Goal of the exercise -
Exact copy, no pictures: output all the records that follow.

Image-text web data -
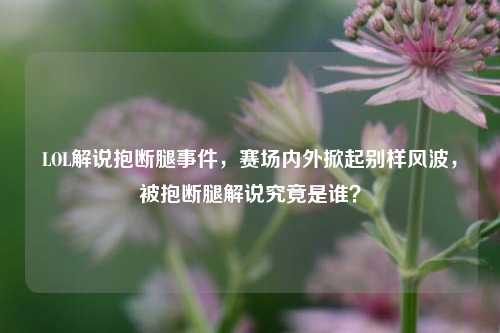 LOL解说抱断腿事件,赛场内外掀起别样风波,被抱断腿解说究竟是谁?
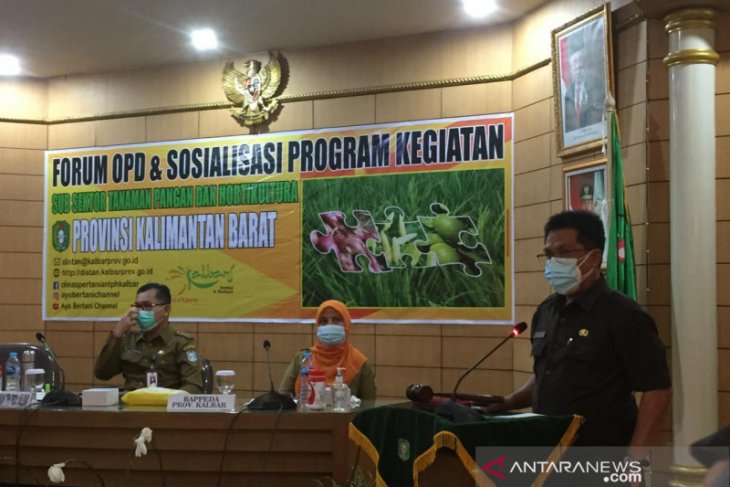 Sekda Kalbar harapkan sinergisitas antardaerah dalam bidang pertanian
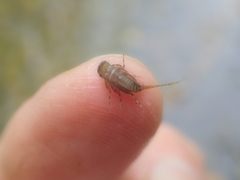 Maccaffertium modestum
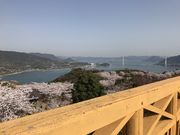 テツワンさんの開山公園の投稿写真10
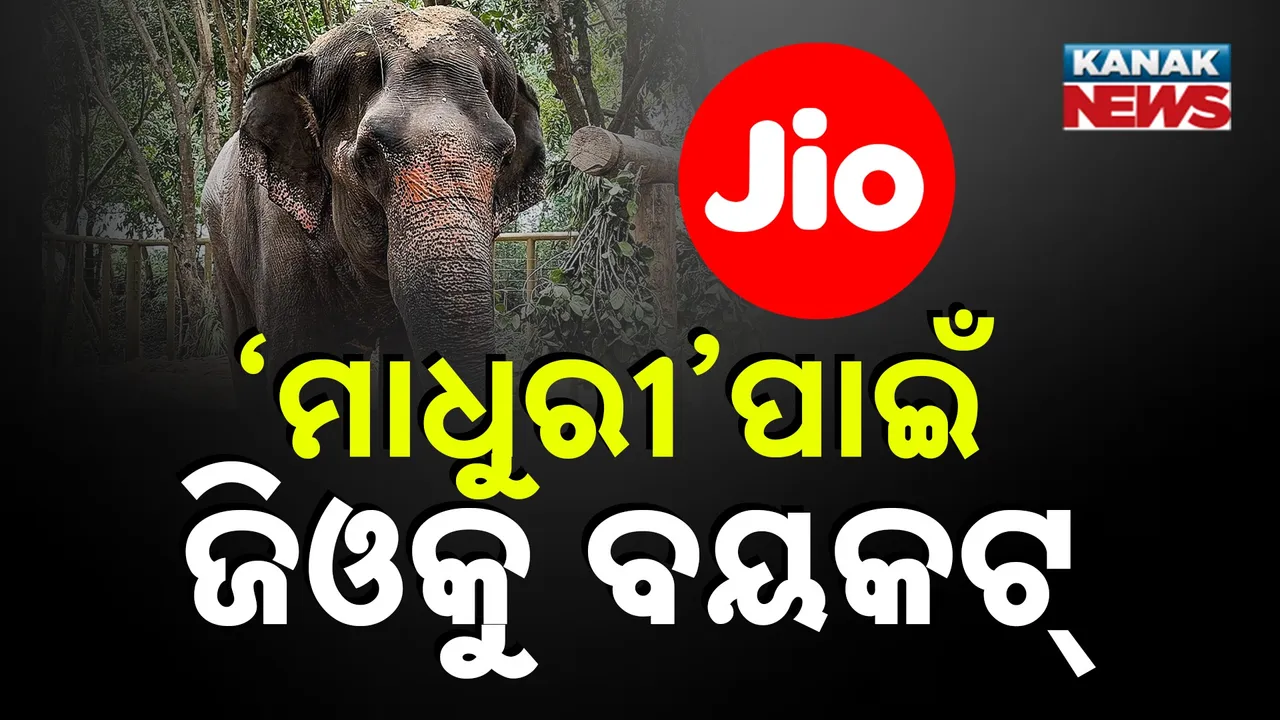  ହାତୀ ପାଇଁ ଅମ୍ବାନୀ ପରିବାର ହଟହଟ୍ଟା; ‘ଜିଓ’କୁ ବୟକଟ୍ କଲା କୋହ୍ଲାପୁର…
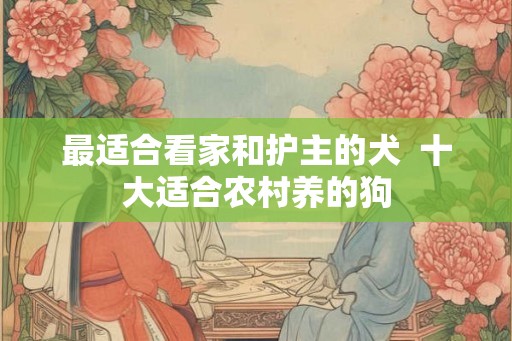 最适合看家和护主的犬  十大适合农村养的狗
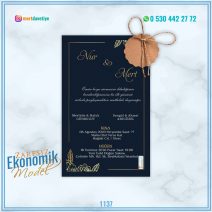 ZARFSIZ EKONOMİK MODELLER – 1137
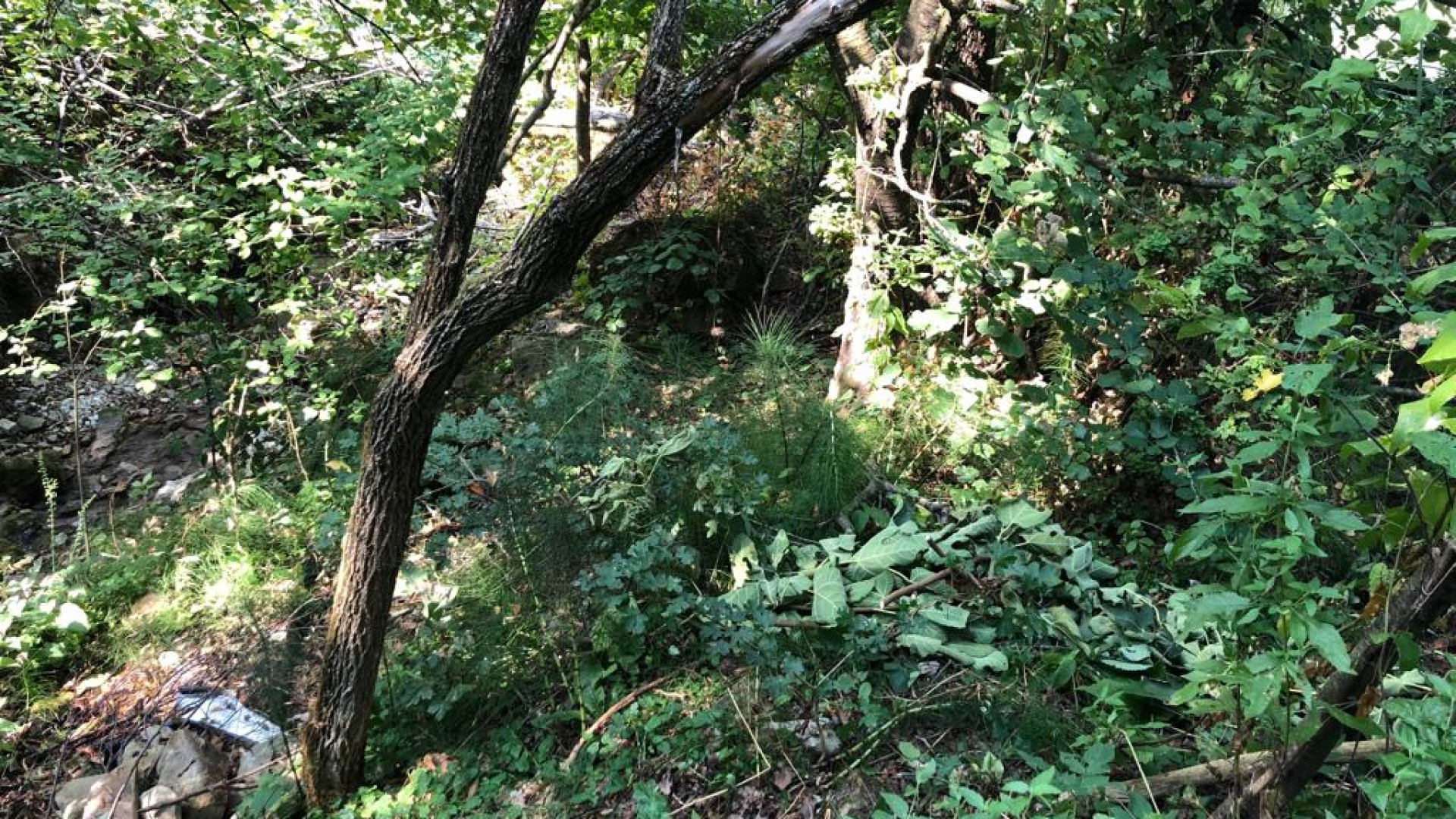 Trovato un giaciglio nel bosco a Riofreddo di Veleia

Result of this task -
 LOL解说抱断腿事件,赛场内外掀起别样风波,被抱断腿解说究竟是谁?
 Sekda Kalbar harapkan sinergisitas antardaerah dalam bidang pertanian
 Maccaffertium modestum
 テツワンさんの開山公園の投稿写真10
  ହାତୀ ପାଇଁ ଅମ୍ବାନୀ ପରିବାର ହଟହଟ୍ଟା; ‘ଜିଓ’କୁ ବୟକଟ୍ କଲା କୋହ୍ଲାପୁର…
 最适合看家和护主的犬  十大适合农村养的狗
 ZARFSIZ EKONOMİK MODELLER – 1137
 Trovato un giaciglio nel bosco a Riofreddo di Veleia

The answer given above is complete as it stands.